First of all, Bob, despite the impression you gave, not all Mets fans were booing Utley. As a matter of fact, most weren't. I'm going to share something with you that you're obviously not intelligent enough to figure out on your own -- the people that don't boo make a lot less noise than the people that do. This is also true when a Mets player like Carlos Beltran was booed. Therefore, Bob, we class-lacking Mets fans would appreciate it if you wouldn't lump us all together. I know it's hard for you to grasp, but there are many different types of Mets fans, and about all we agree on is that we love the Mets. But then again, when you are smugly putting down a group to prove your moral superiority, details like that are mere inconveniences.

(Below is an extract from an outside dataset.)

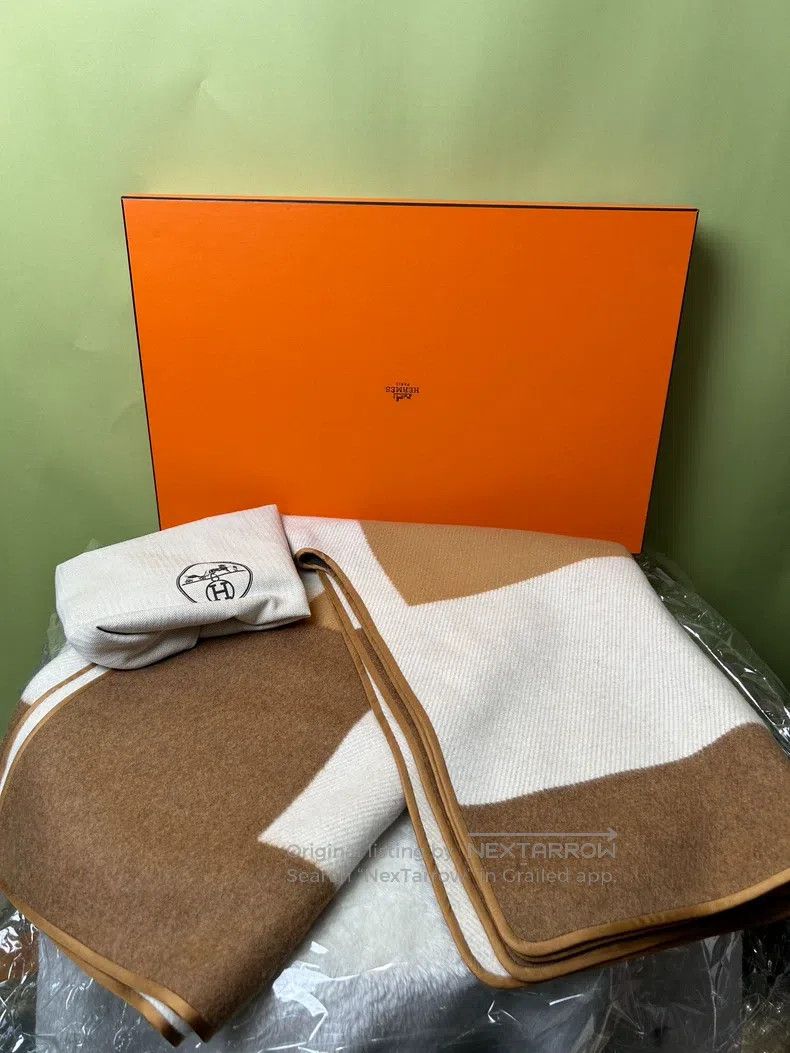 Hermes Hermes size 105*134 cm Color Block Cashmere Cloak Shawl Size XS / US 0-2 / IT 36-38 - 3 Thumbnail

Secondly, Bob, I'd like to take a moment to make fun of you:
What is baseball without its history, and wouldn't have it been nice if Utley's 35-game hitting streak lasted a little longer to generate more discussion and make us appreciate what Joe DiMaggio did even more? The Mets have such a huge lead in the NL East that games against the Phillies can hardly be considered critical right now. And the fans booed Utley right from the start, not just late in the game when a hit might have been damaging.
Bob, can I ask you a question? When you wrote those smarmy and self-righteous words, did you pause for a moment to bow your sanctimonious head and give thanks that you are so very much morally superior to the rest of us? Did you have the required flexibility to reach around and pat yourself on the back for your virtuous regard for baseball history?

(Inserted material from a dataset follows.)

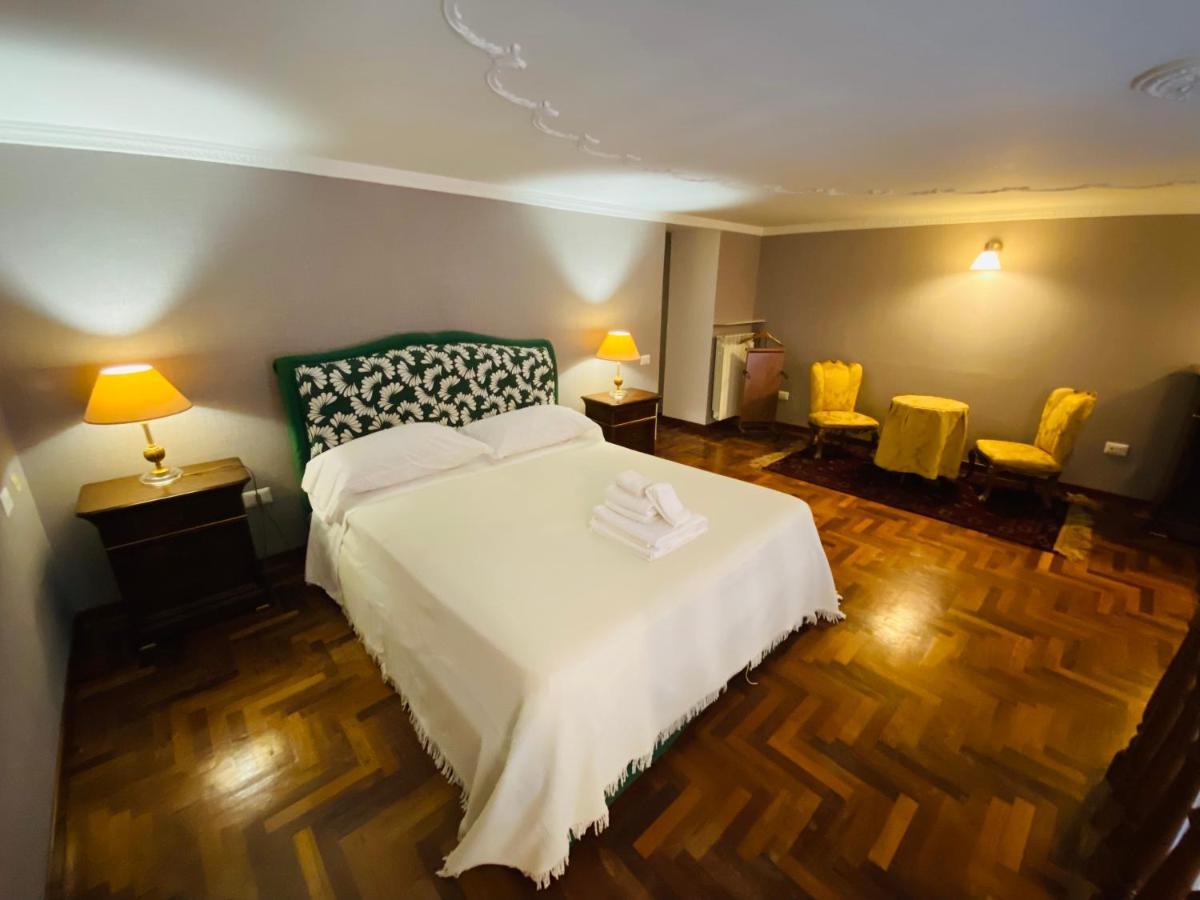 Around Toledo Hotel Nápoly Kültér fotó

Mets fans had every right to boo Chase Utley and root against him Friday night. When a player gets booed in another ballpark, I think most see it as a sign of respect, anyway. I wouldn't have booed Utley had I been at the game, but I would have rooted against him, and I was happy when the Mets were able to stop his streak. Stopping a streak is a part of baseball history, too, Bob -- in case you didn't realize that. I have respect for baseball, and I respect Utley as someone who plays the game the right way, but I feel absolutely zero need to root for him, and can find no fault at all with people that bought those expensive tickets to spend an evening at the game and actively rooted against someone on the other team.
I suspect that sportswriters and columnists always looked down on the rank and file fans with a feeling of superiority and possibly even contempt, but in the old days they attempted to hide it. So while you bemoan the changing nature of fans, I feel nostalgic for the days when guys like you had some respect for the fact that guys like me pay your salary. For you and all those like you, Bob, please accept this virtual
Bronx Queens cheer from an ignorant fan.